DESCRIPTION OF THE TASK: Excluding all pictures, please output the listing exactly.

+++++

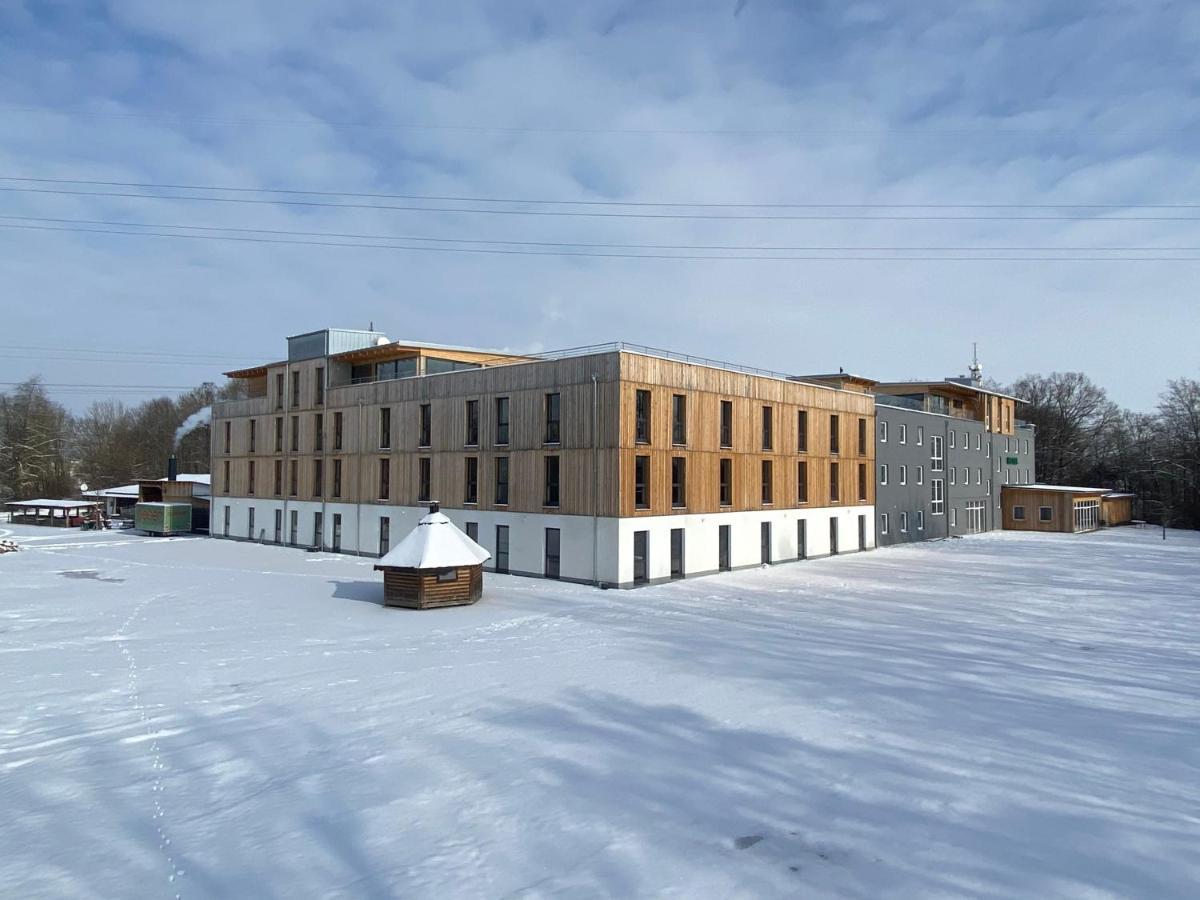 Hotel Am Interpark Großmehring 외부 사진
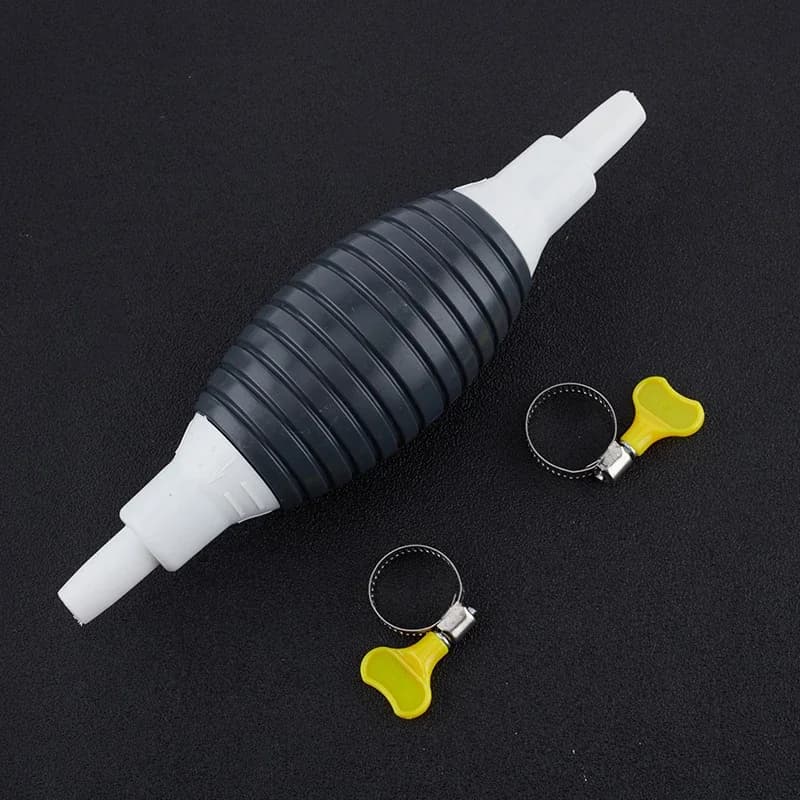 Pompe à carburant manuelle portable universelle pour voiture, transfert d'apprêt pour Gas Jane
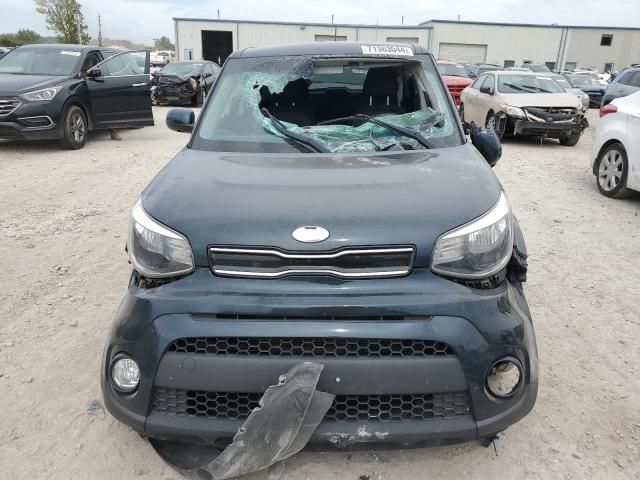 2017 KIA Soul +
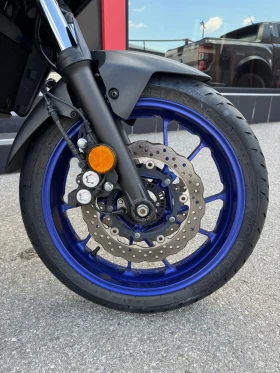 Yamaha Mt-07 TRACER-3 КУФАРА-26000км, снимка 9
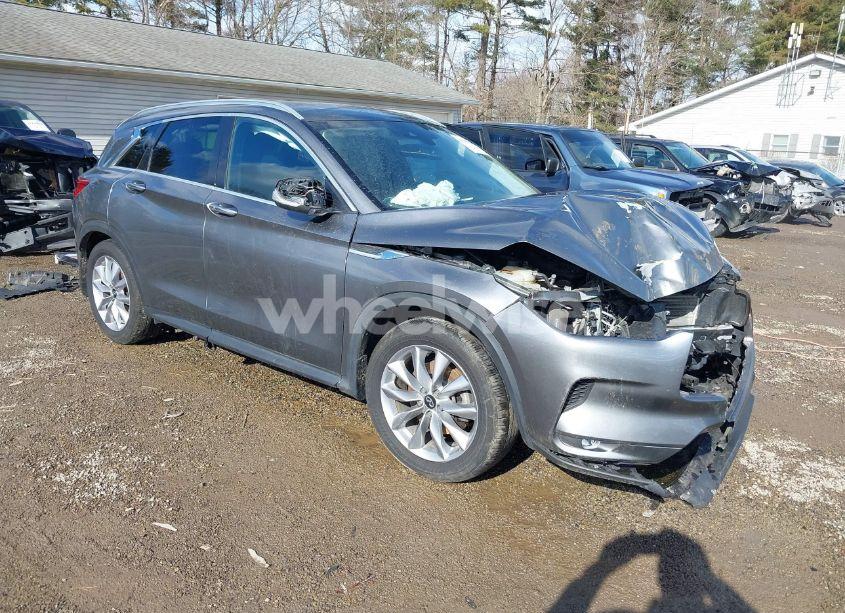 2020 Infiniti Qx50 LUXE AWD (VIN 3PCAJ5M38LF112019) main photo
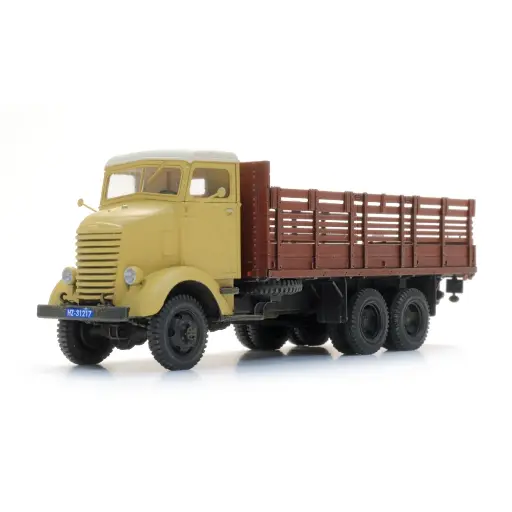 [AR387.614] Camion GMC AFKWX - Artitec 387.614 - HO 1/87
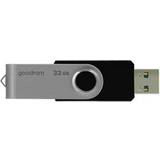USB Stik på tilbud GOODRAM UTS3 32GB USB 3.1 Gen 1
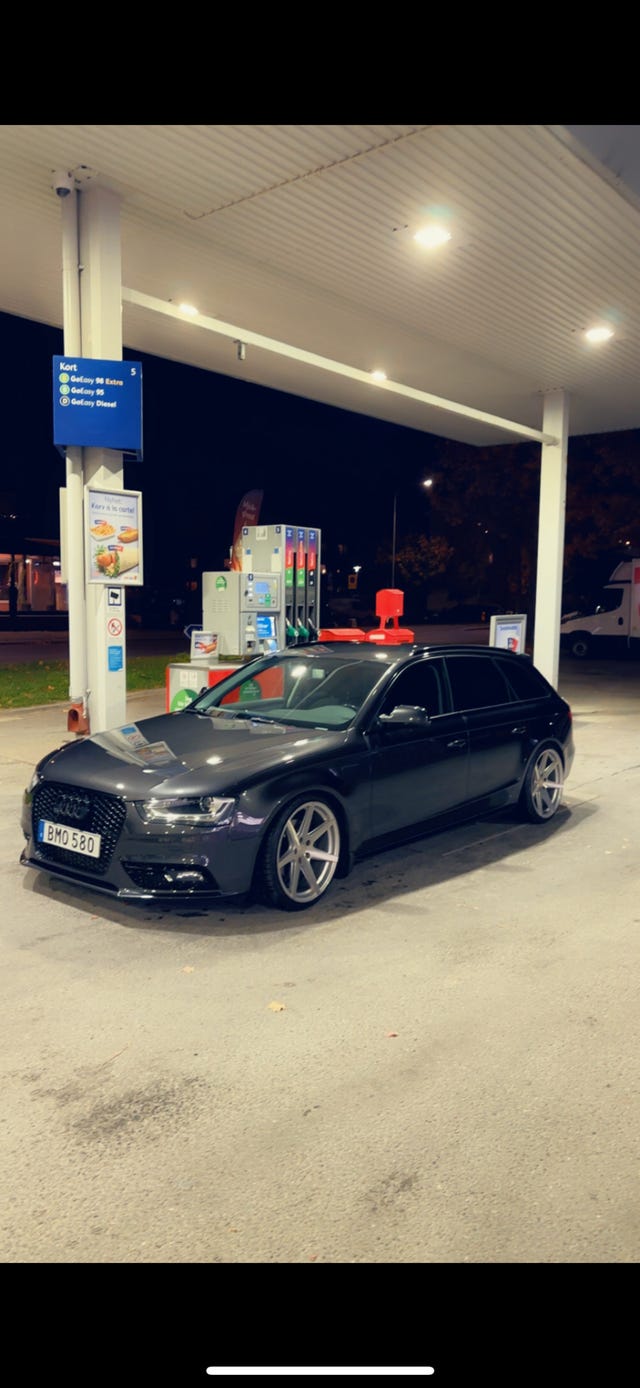 Audi A4 2013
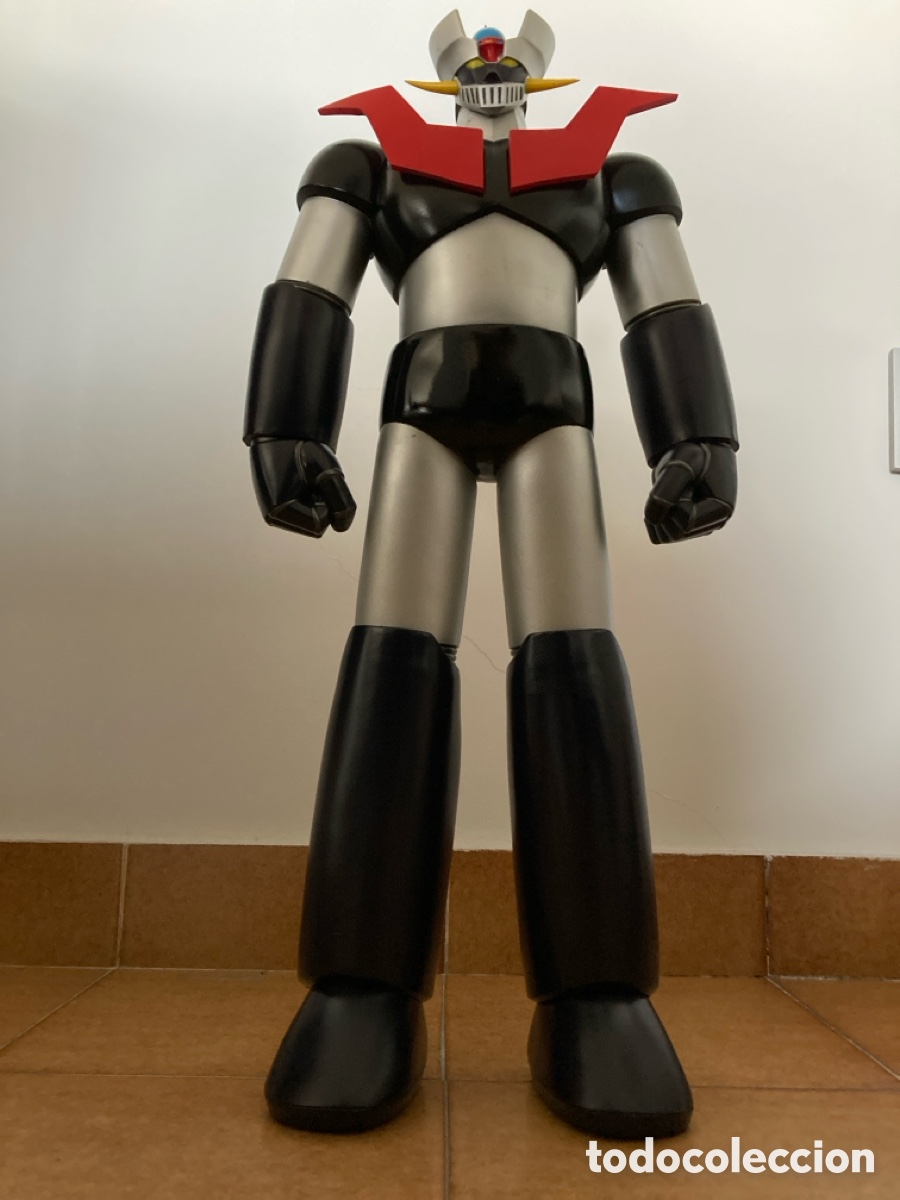 Figuras de acci&oacute;n: Mazinger Z - Foto 4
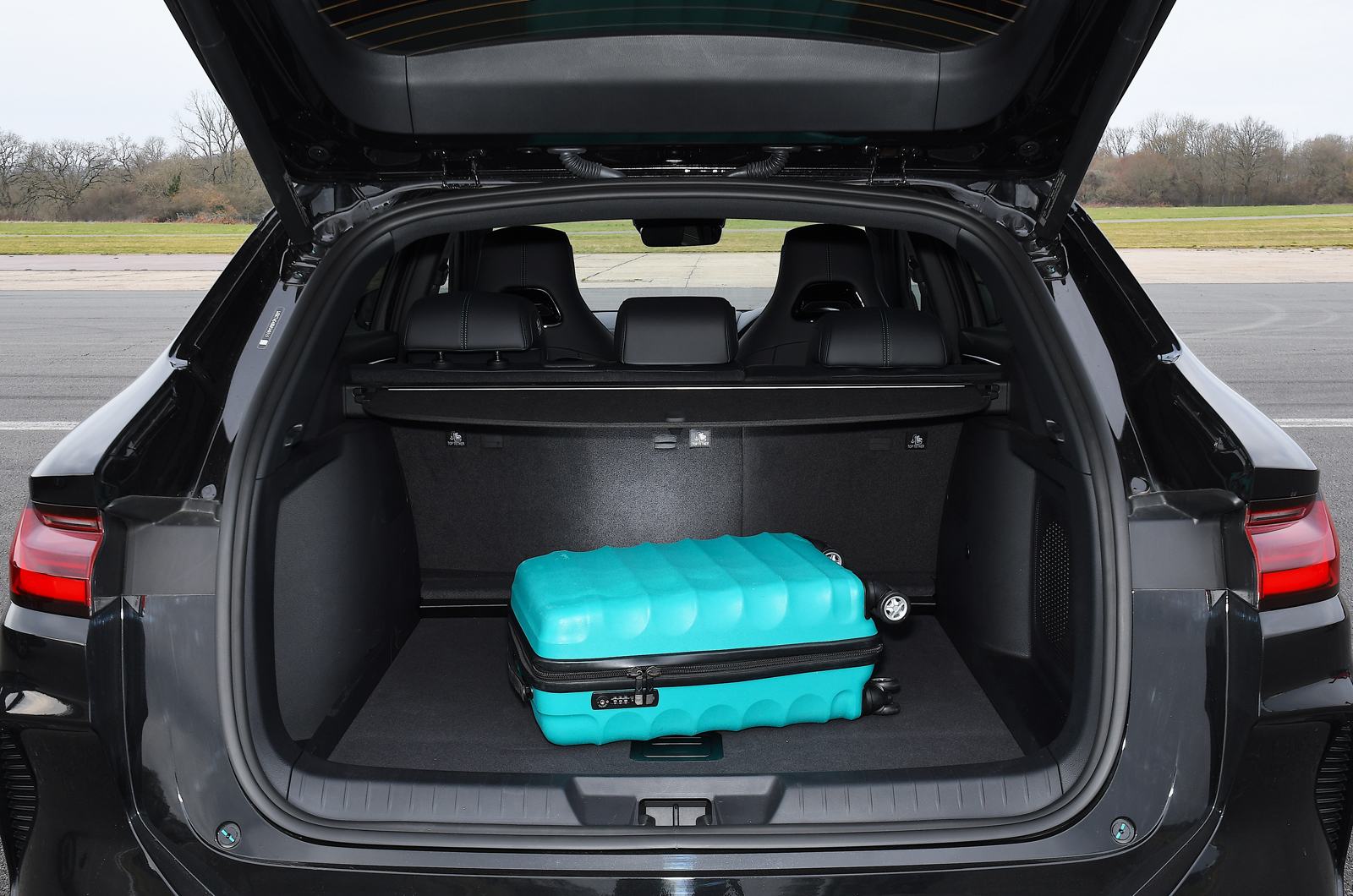 BYD Seal U boot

+++++

ANSWER TO THE PROBLEM:
 Hotel Am Interpark Großmehring 외부 사진
 Pompe à carburant manuelle portable universelle pour voiture, transfert d'apprêt pour Gas Jane
 2017 KIA Soul +
 Yamaha Mt-07 TRACER-3 КУФАРА-26000км, снимка 9
 2020 Infiniti Qx50 LUXE AWD (VIN 3PCAJ5M38LF112019) main photo
 [AR387.614] Camion GMC AFKWX - Artitec 387.614 - HO 1/87
USB Stik på tilbud GOODRAM UTS3 32GB USB 3.1 Gen 1
 Audi A4 2013
 Figuras de acci&oacute;n: Mazinger Z - Foto 4
 BYD Seal U boot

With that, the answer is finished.